• [THE PROBLEM] The material below holds the lines to copy: from the one with "7. A Ponta de" up to and including the one with "Bitó Vitális névjegykártya". Copy them exactly and skip the pictures.

START SOURCE DATA

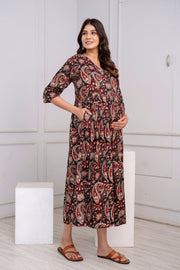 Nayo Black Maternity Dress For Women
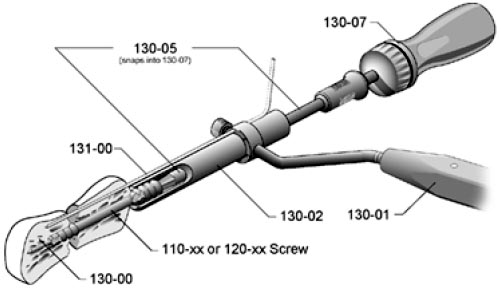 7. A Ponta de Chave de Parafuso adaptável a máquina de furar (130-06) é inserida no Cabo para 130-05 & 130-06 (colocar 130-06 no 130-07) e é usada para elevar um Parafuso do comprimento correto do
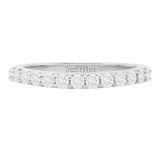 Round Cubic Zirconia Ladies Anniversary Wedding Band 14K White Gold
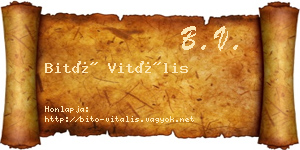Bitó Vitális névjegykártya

END SOURCE DATA
START SOURCE DATA

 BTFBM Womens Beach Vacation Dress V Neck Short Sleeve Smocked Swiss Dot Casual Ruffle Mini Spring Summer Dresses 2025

END SOURCE DATA
START SOURCE DATA

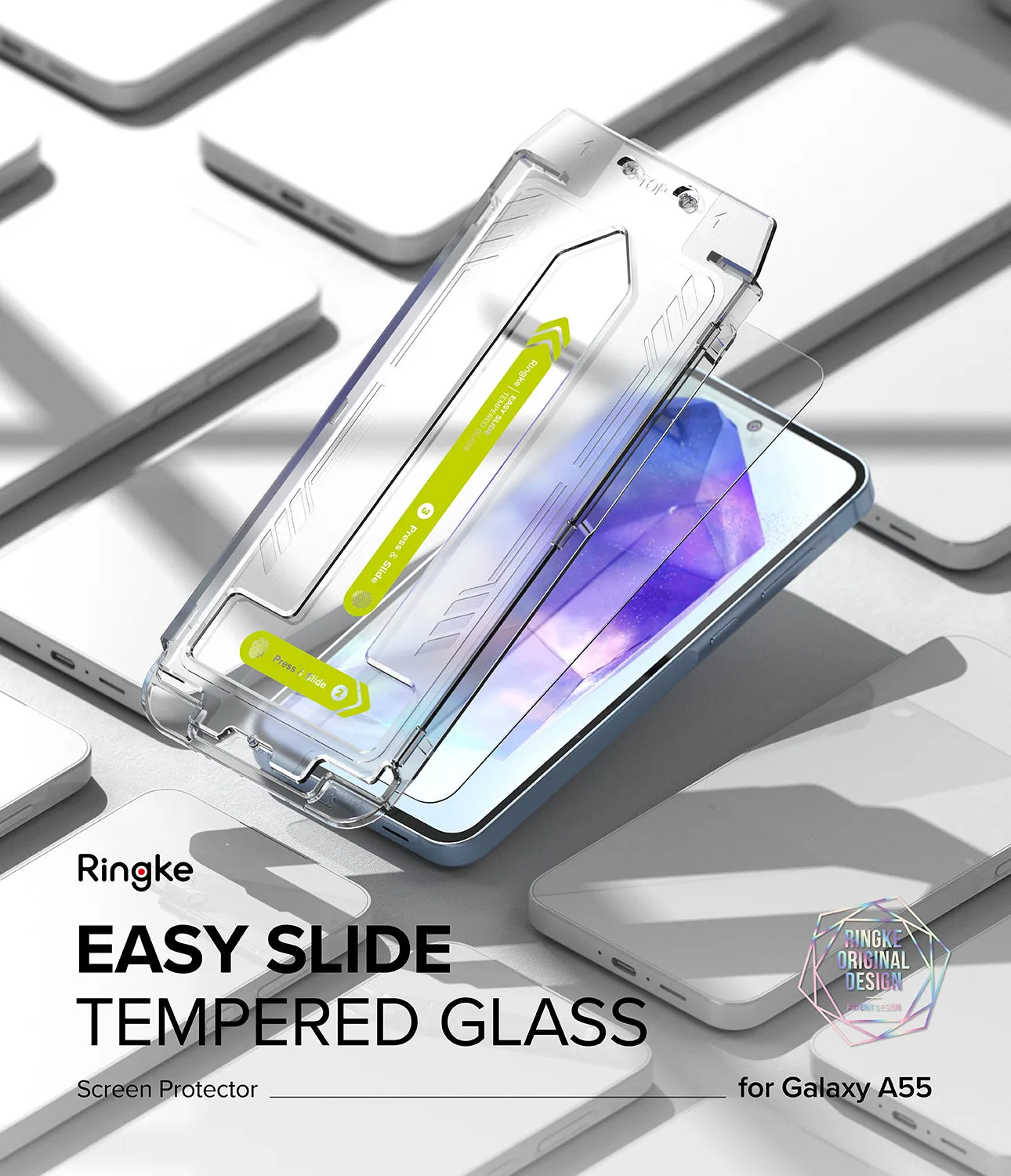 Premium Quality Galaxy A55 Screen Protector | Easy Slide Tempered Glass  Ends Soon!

END SOURCE DATA

• [RESULT]
 7. A Ponta de Chave de Parafuso adaptável a máquina de furar (130-06) é inserida no Cabo para 130-05 & 130-06 (colocar 130-06 no 130-07) e é usada para elevar um Parafuso do comprimento correto do
 Round Cubic Zirconia Ladies Anniversary Wedding Band 14K White Gold
Bitó Vitális névjegykártya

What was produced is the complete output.